Wirtschaft

AK warnt nach Urteil vor "Teilkrankenstand"

Heute Redaktion
Teilen
Picture
Bild: Fotolia

Wirbel um ein Urteil des Obersten Gerichtshofs (OGH) zum Thema Erreichbarkeit von Arbeitnehmern im Krankenstand: Arbeiterkammer und Gewerkschaft kritisieren die höchstgerichtliche Entscheidung: "Der OGH stößt hier die Tür zum Teilkrankenstand auf", so der steirische AK-Präsident Josef Pesserl.

Arbeiterkammer und Gewerkschaft kritisieren die höchstgerichtliche Entscheidung: "Der OGH stößt hier die Tür zum Teilkrankenstand auf", so der steirische AK-Präsident Josef Pesserl.

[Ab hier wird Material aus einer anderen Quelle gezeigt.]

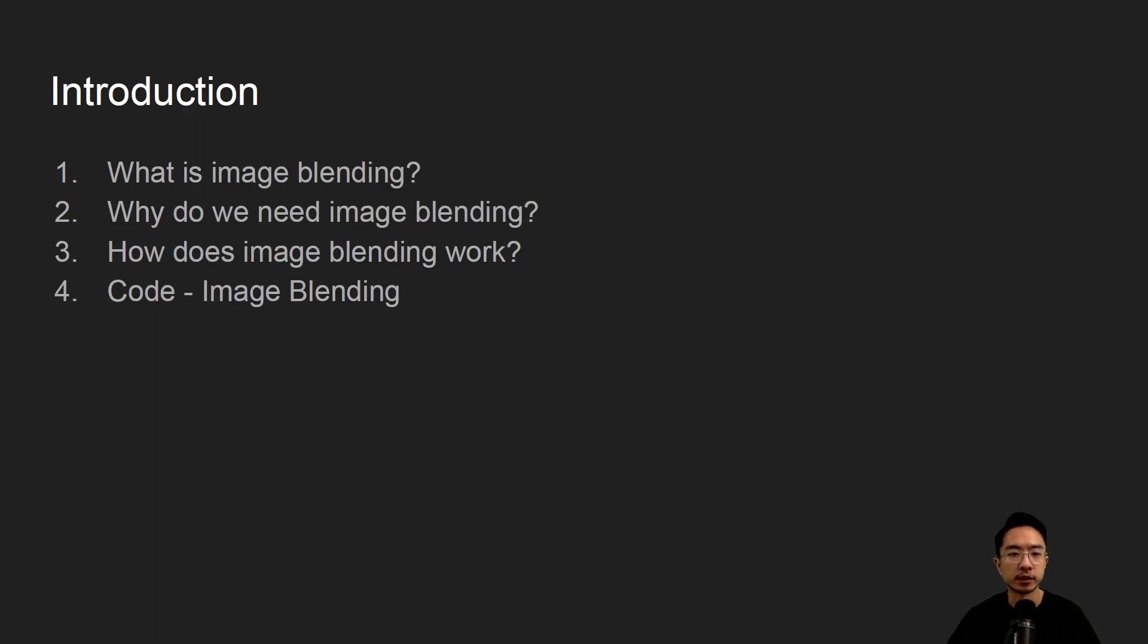Alright, in this video we're going to talk about image blending. I'm going to first start off by saying what is image blending, why do we need image blending, how does image blending work, and then jump into some coding examples.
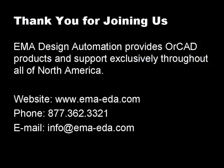Thank you for joining us. EMA provides OrCAD products and support exclusively throughout all of North America. For more information, please visit our website, www.ema-eda.com, call us at 877-362-3321, or email us at info@ema-eda.com.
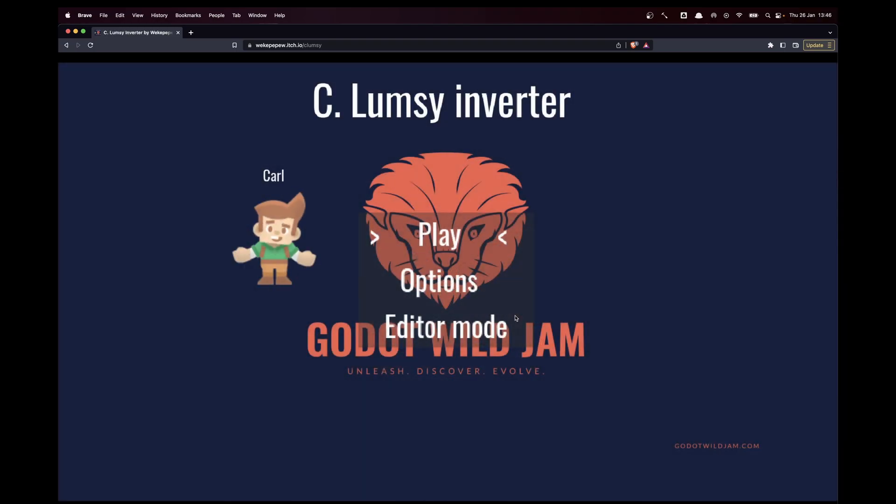All right, there are two examples of why level editors are useful.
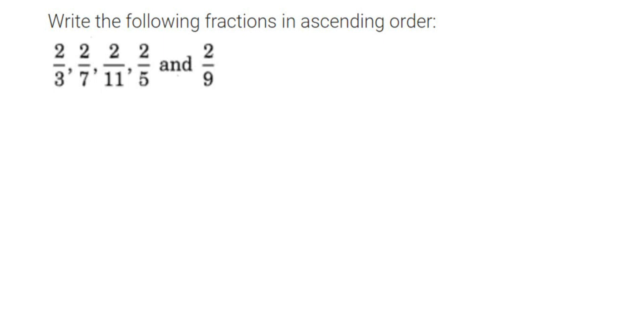Hello everyone, here is a question on fractions. The question is:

Gesundheitsminister Alois Stöger (SPÖ) erklärte am Dienstag, dass Arbeitnehmer auch krank sein dürfen. Kranke brauchen einen Schutz und eine Freistellung sei im Krankheitsfall "sinnvoll", so Stöger. Die Grenzziehung sei immer im Einzelfall zu treffen. Es sei grundsätzlich auch nicht gut für Unternehmen, wenn Kranke in den Betrieb geholt würden, meinte der Gesundheitsminister: "Arbeitnehmer müssen auch krank sein dürfen."

Hundstorfer: "Grenzfälle"

Für Hundstorfer zeigt das Urteil "Grenzfälle" auf: "Die Frage ist, was ist wichtig, geht es nicht anders? Kann nicht der Chef zum Mitarbeiter kommen?" Seiner Meinung nach werde es weiterhin Grenzfälle, was die Erreichbarkeit von kranken Mitarbeitern betrifft, geben.

Für AK-Pesserl ist die Entscheidung unverständlich, weil hier keine Rechtslücke bestanden habe, die geschlossen werden hätte müssen: "Die einzige Verpflichtung bisher war, dass man im Krankenstand alles tun muss, um gesund zu werden." Dieses jahrzehntelange Prinzip sei nun durchbrochen worden: "Entweder ist jemand arbeitsfähig oder nicht. Darüber kann nur ein Arzt entscheiden." Pesserl fordert, dass das Urteil durch den Gesetzgeber repariert wird.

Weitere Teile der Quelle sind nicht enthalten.